Ветер. Ветер дышит нам в горячие лица. Ты стоишь, застыв, и держишь меня над собою на руках, на весу, насадив меня на себя, как Вэй Чжи — цыпленка на вертел. В каком вертепе спознались мы, Боже. Любовь моя катит горячей солью по виску. Стекает по щеке. Ты ловишь ее губами.
— Лесико… Лесико, дура…
Я дернулась и сползла с его живота. Упала. Скользнула вниз — он не успел меня удержать. Щекой ощутила не холод истоптанного пола — бархатную подушечку. Сумасшествие. Откуда?!
Шепот Жамсаран у самого моего лица, горла:
— Лесико-сан… ты устала… я принесла тебе подушечку, подстелить, чтоб ты отдохнула сразу, не доползая до постели… вы так танцевали неприлично… вы так безумствовали… вы так любились, как Тары в небесах… вы себя забыли… ты вся мокрая, пот течет с тебя… ты не плачь, вот тебе подушечка, ты отдохни…
Глупая, милая Жамсаран. Напротив моих глаз опять, как и тогда, при входе его в залу, были его ноги. Его грязные босые ноги. Я придвинула лицо, губы к его ногам и прижалась губами и лицом к распухшим, покрытым коростой пальцам и ногтям. Он стоял не шевелясь, лишь вздрогнул.

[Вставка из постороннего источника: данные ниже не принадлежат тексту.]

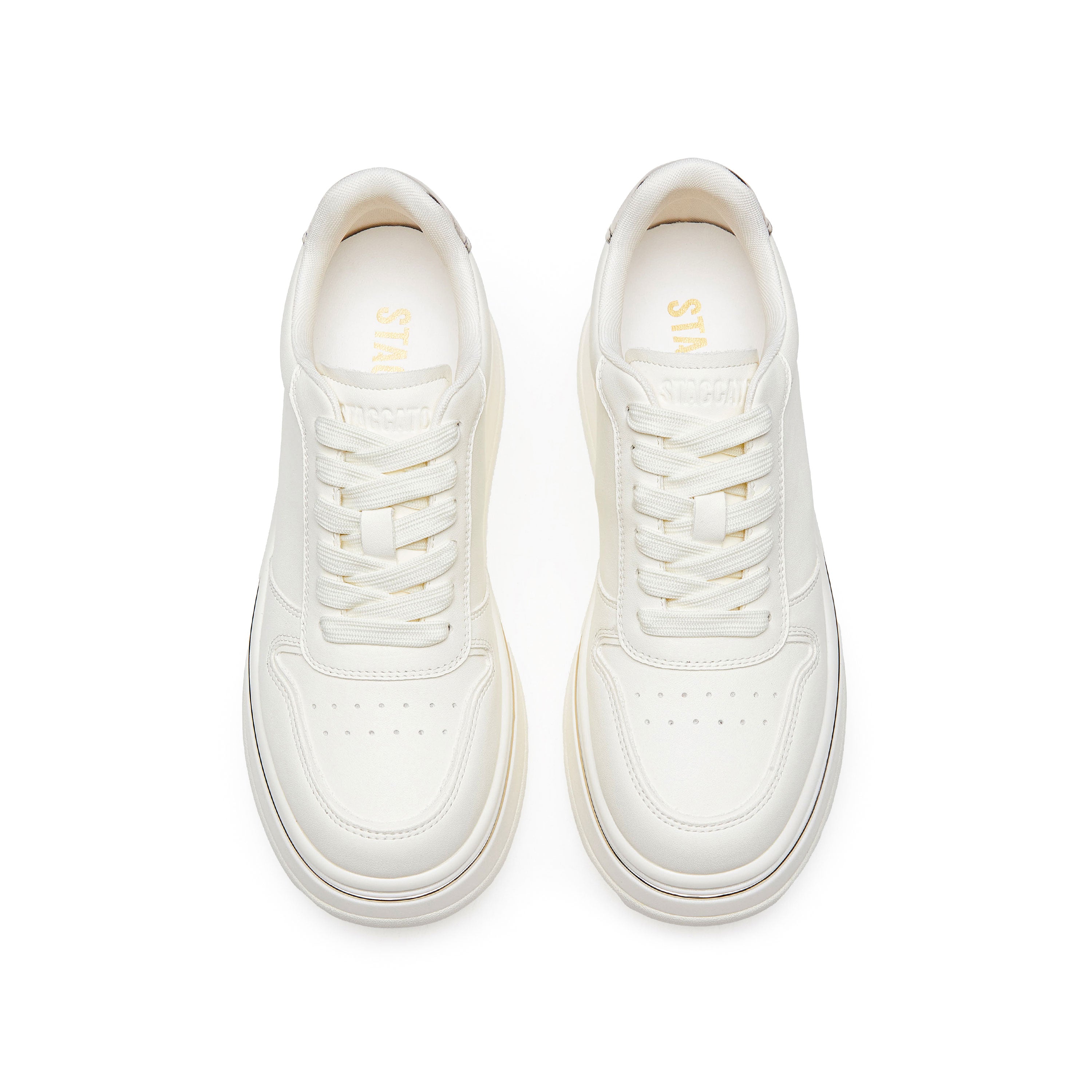 Beige Golden Line Platform Leather Sneakers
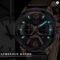 LIGE 2023 Leather Chronograph Waterproof Sport Watch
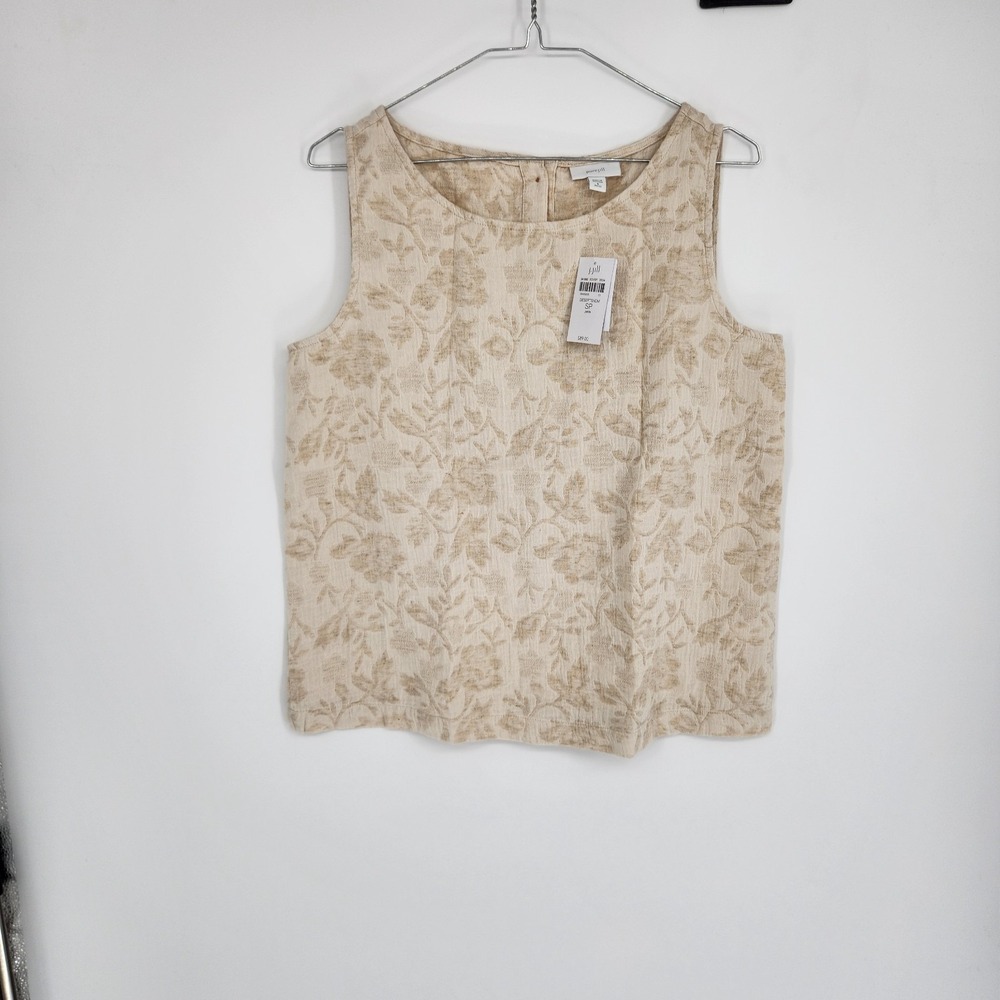 J Jill Pure Jill Small Petite Desert Sand Jacquard Button Back Tank Top NWT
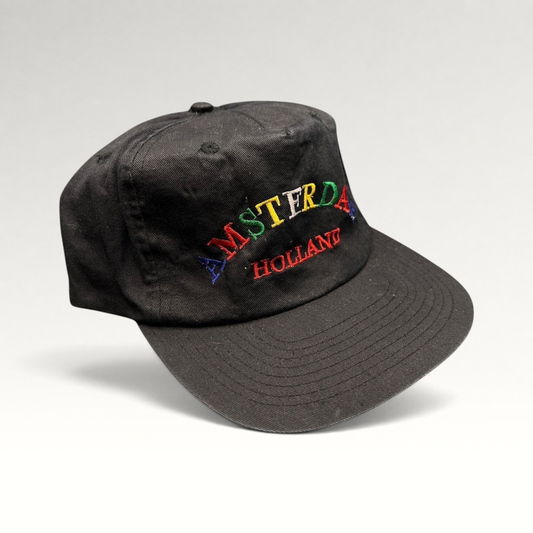 Raree Finds vintage 1990s black cotton snapback hat with colorful Amsterdam Holland rainbow embroidery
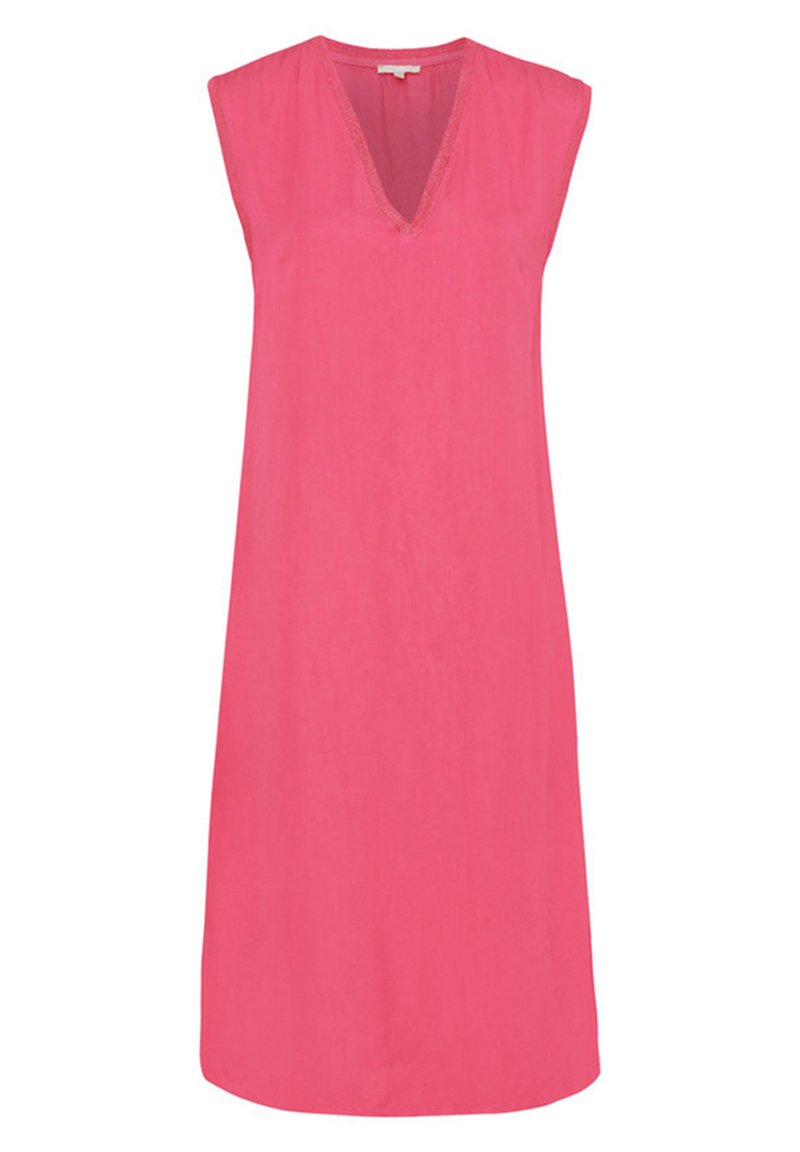 Mexx Linen Blend V Neck Dress - Day dress - hot pink/pink - Zalando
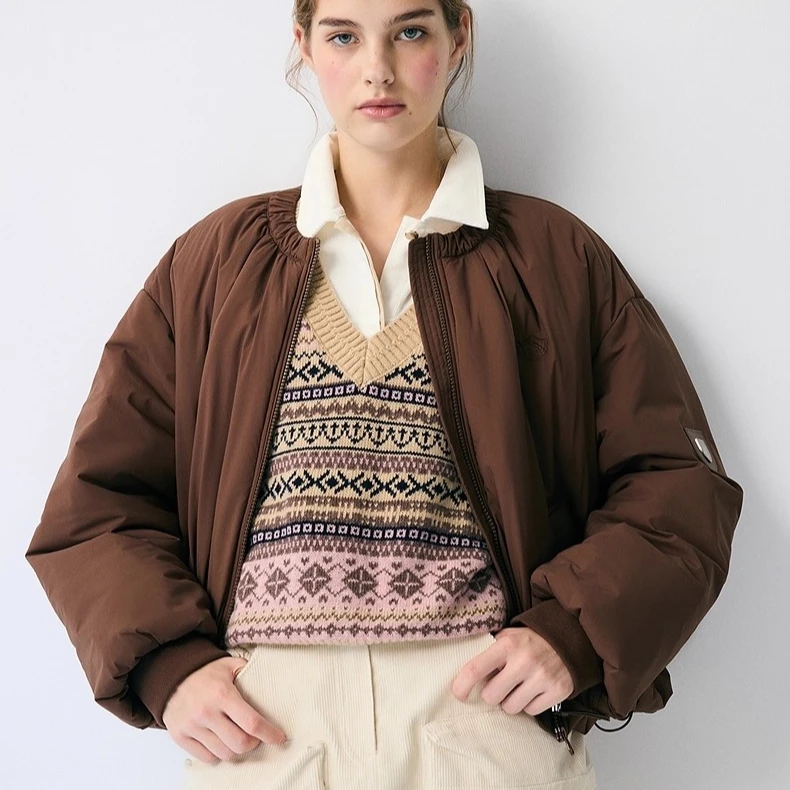 TeenieWeenie25冬季新款简洁大方时髦圆领夹克棉衣TTJP254TC7A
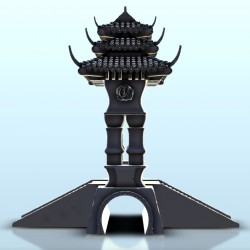 Asian bridge with roofed totem pole 10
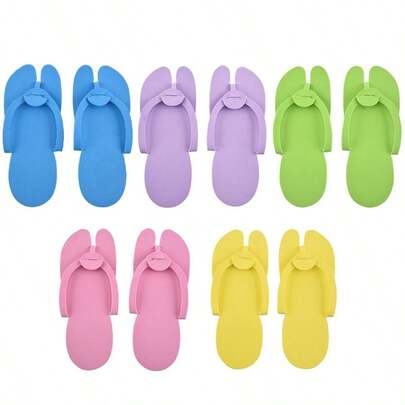 6 Pairs Disposable Pedicure Slippers Foam Disposable Flip Flops Multi Color For Pedicure Sandals Bulk Pedicure Shoes For Women Salon Nail Spa Pedicure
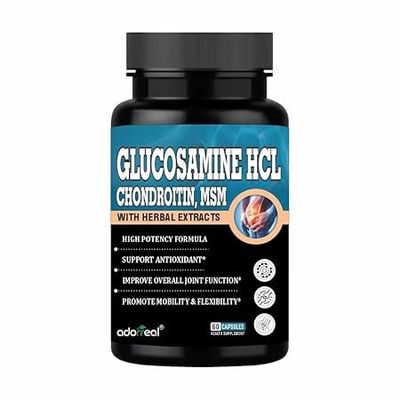Adorreal Glucosamine HCL Chondroitin MSM Capsules with Herbal Extracts | Nutritional Supplement | 60 Capsules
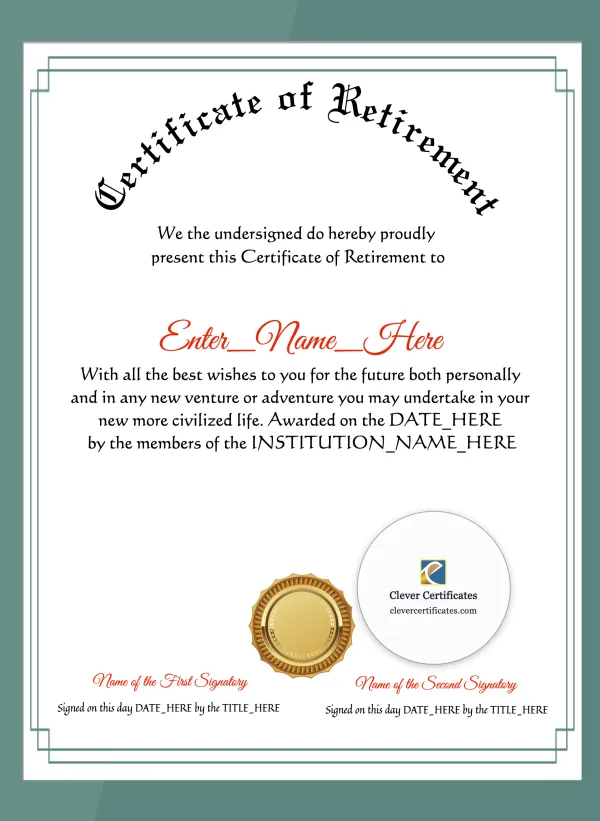 Retirement Certificate Portrait — Certificate Template Preview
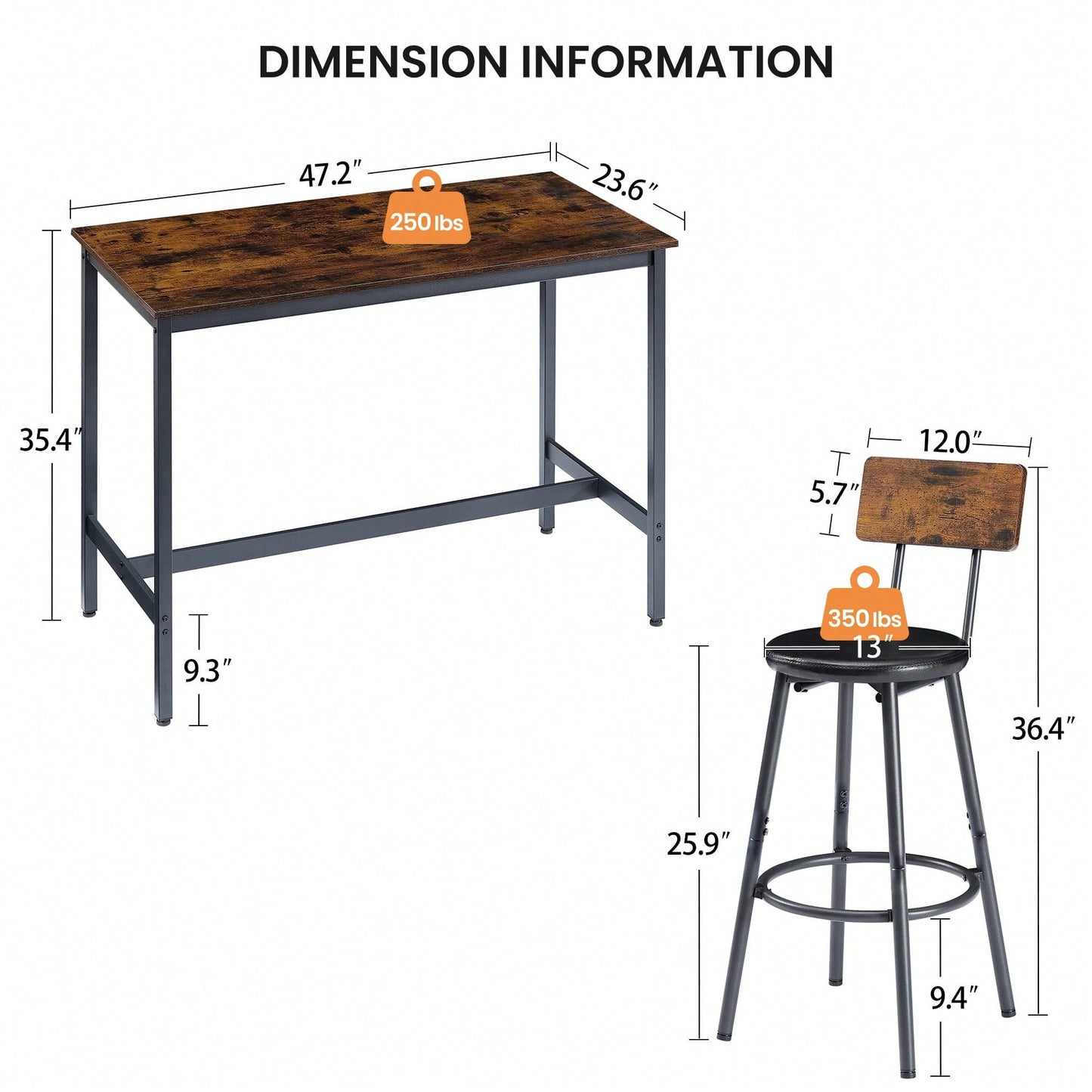 Industrial Style 7 Piece Pub High Dining Set With Rustic Grey Table And 6 PU Leather Bar Chairs For Kitchen And Living Room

Я подоткнула под голову бархатную красную подушечку. Положила голову на нее. Под щекой
Я уткнулась в подушку лицом и залилась слезами.
Я плакала, плакала, плакала, плакала, плакала.
— Ну, пьяна совсем!
— Оставьте ее, госпожа, не трогайте, вы и так мучаете нас всех денно и нощно…
— Я покупаю эту девчонку! Она станцевала нам настоящую любовь!
Брезгливый визг Кудами-сан.
Твердый, как хрусталь, доверху полный презреньем голос Норы.
Мужичье, сквозь звон монет в кармане, бормотанье.
И твои ноги. Твои молчащие, костлявые ноги. Худые лодыжки. Торчащие лытки. Стопы сиротливые, родные. Рядом с мокрой от мгновенных слез вышитой бордельной думкой, что подкладывают не под лицо, а под зад — чтоб слаще было трястись в постели в постылом еженощном танце.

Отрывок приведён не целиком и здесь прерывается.